● PROBLEM REQUIREMENTS
Copy every entry as is. Leave images out.

● Caption-style text data
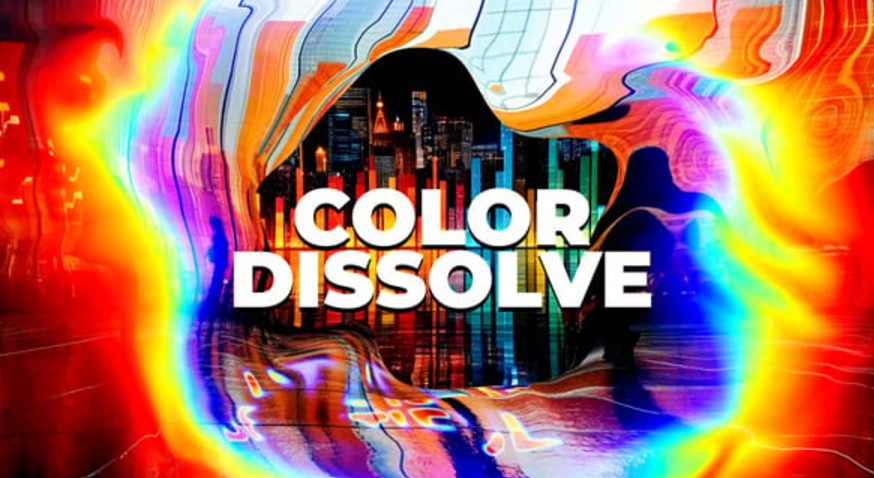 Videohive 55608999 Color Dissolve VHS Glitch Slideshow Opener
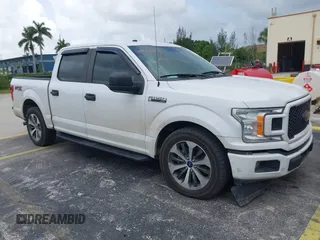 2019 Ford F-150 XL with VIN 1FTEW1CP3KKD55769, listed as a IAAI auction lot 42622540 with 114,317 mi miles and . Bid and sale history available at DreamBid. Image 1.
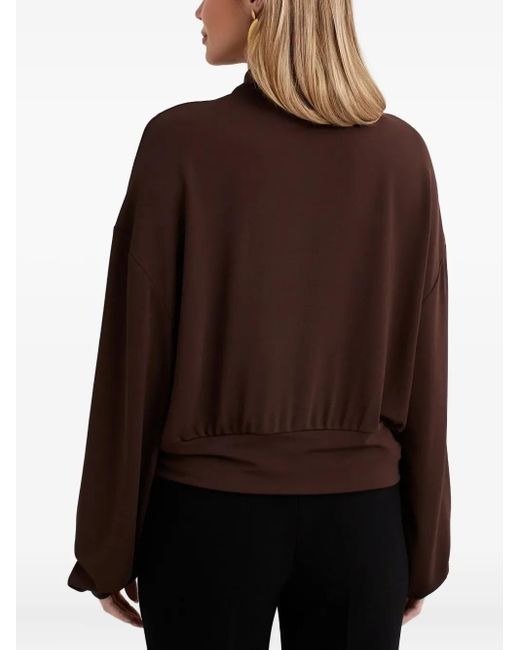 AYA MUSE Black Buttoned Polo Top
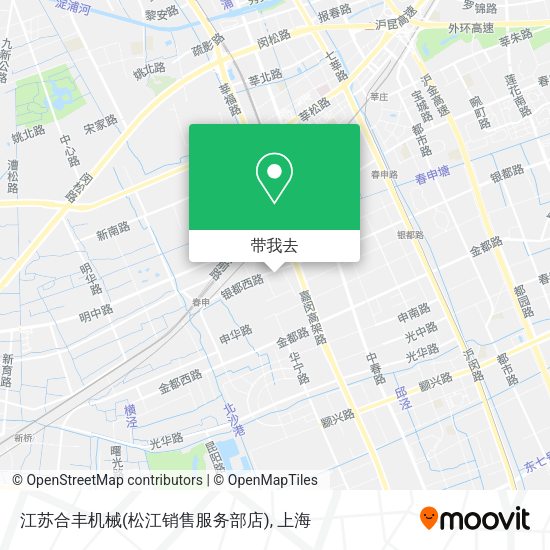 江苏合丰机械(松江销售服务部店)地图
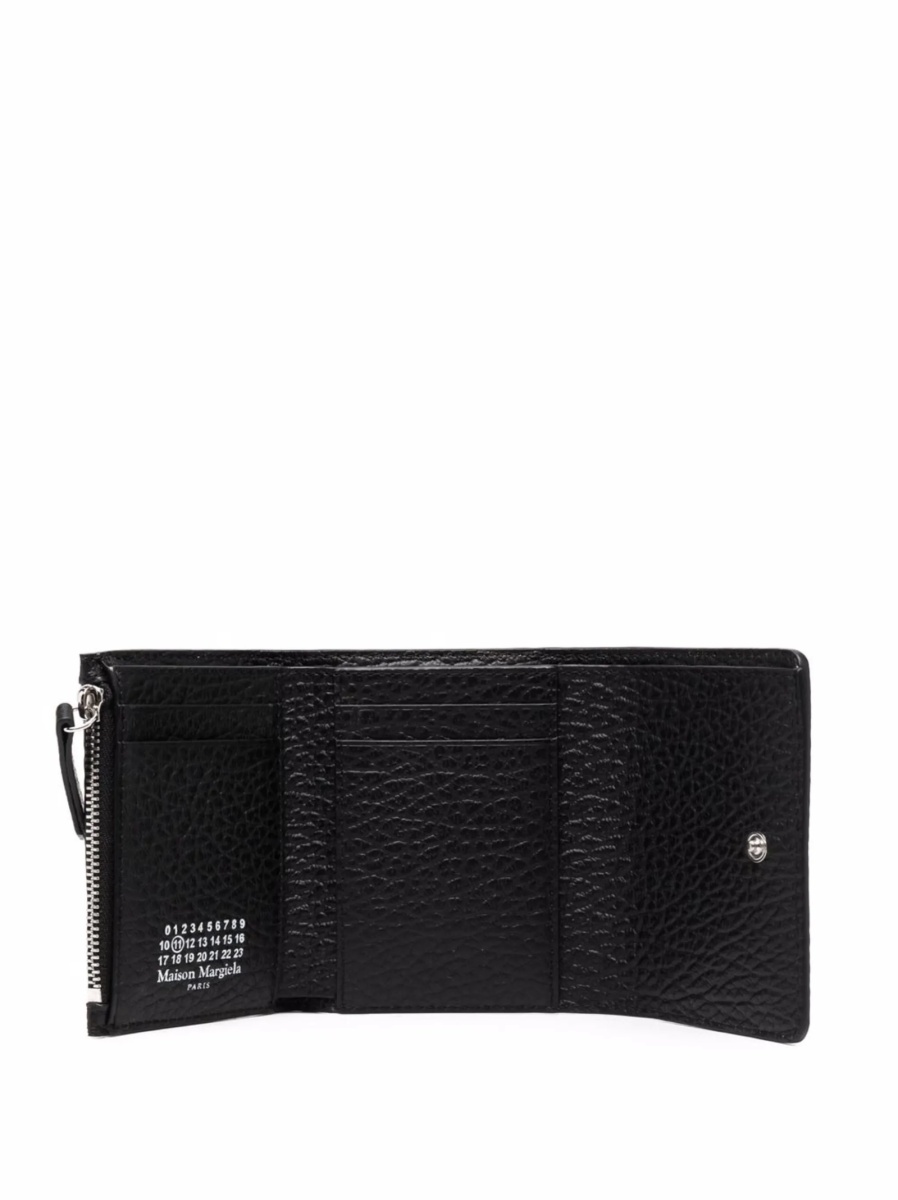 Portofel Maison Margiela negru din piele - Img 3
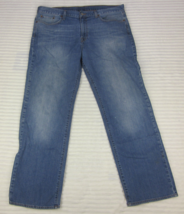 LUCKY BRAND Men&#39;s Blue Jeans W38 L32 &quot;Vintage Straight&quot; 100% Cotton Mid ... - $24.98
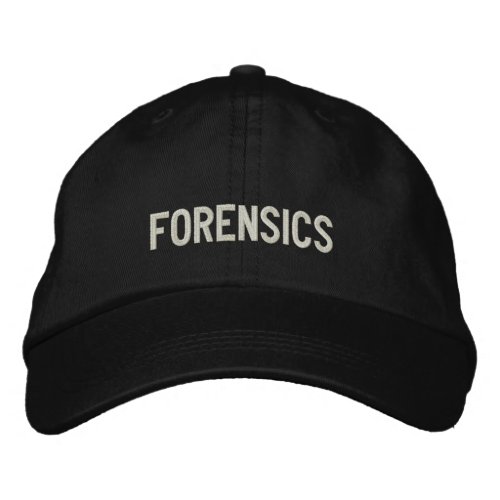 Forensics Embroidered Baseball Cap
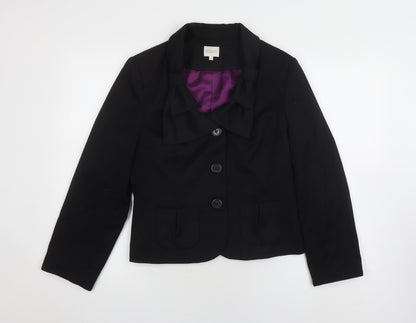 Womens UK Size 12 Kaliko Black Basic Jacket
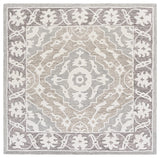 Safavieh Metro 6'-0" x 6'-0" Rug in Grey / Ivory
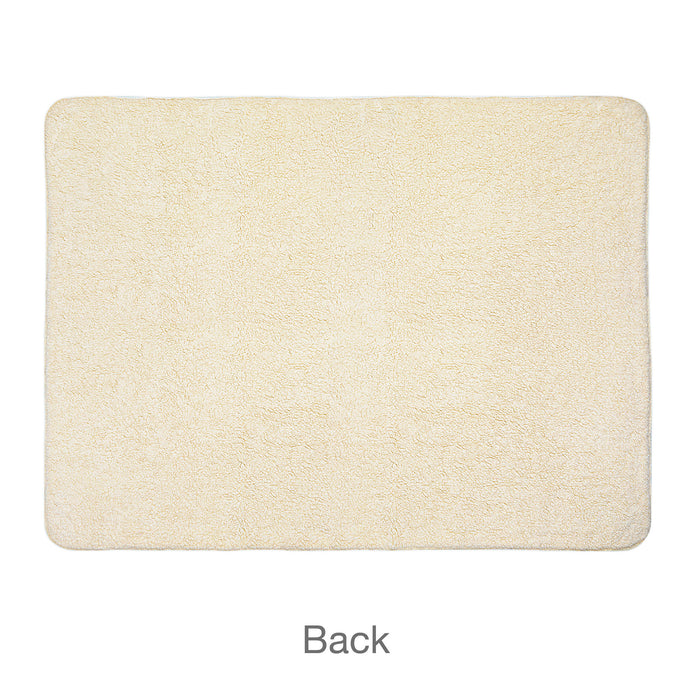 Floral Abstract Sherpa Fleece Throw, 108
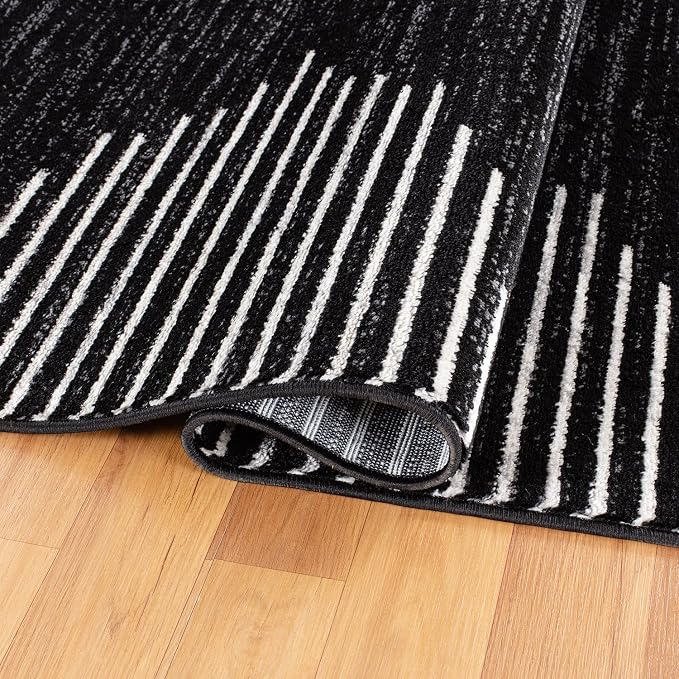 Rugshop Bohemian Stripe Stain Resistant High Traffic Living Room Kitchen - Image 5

● ANSWER AREA
 Videohive 55608999 Color Dissolve VHS Glitch Slideshow Opener
 2019 Ford F-150 XL with VIN 1FTEW1CP3KKD55769, listed as a IAAI auction lot 42622540 with 114,317 mi miles and . Bid and sale history available at DreamBid. Image 1.
 AYA MUSE Black Buttoned Polo Top
 江苏合丰机械(松江销售服务部店)地图
 Portofel Maison Margiela negru din piele - Img 3
 LUCKY BRAND Men&#39;s Blue Jeans W38 L32 &quot;Vintage Straight&quot; 100% Cotton Mid ... - $24.98
 Forensics Embroidered Baseball Cap
 Womens UK Size 12 Kaliko Black Basic Jacket
 Safavieh Metro 6'-0" x 6'-0" Rug in Grey / Ivory
 Floral Abstract Sherpa Fleece Throw, 108
 Rugshop Bohemian Stripe Stain Resistant High Traffic Living Room Kitchen - Image 5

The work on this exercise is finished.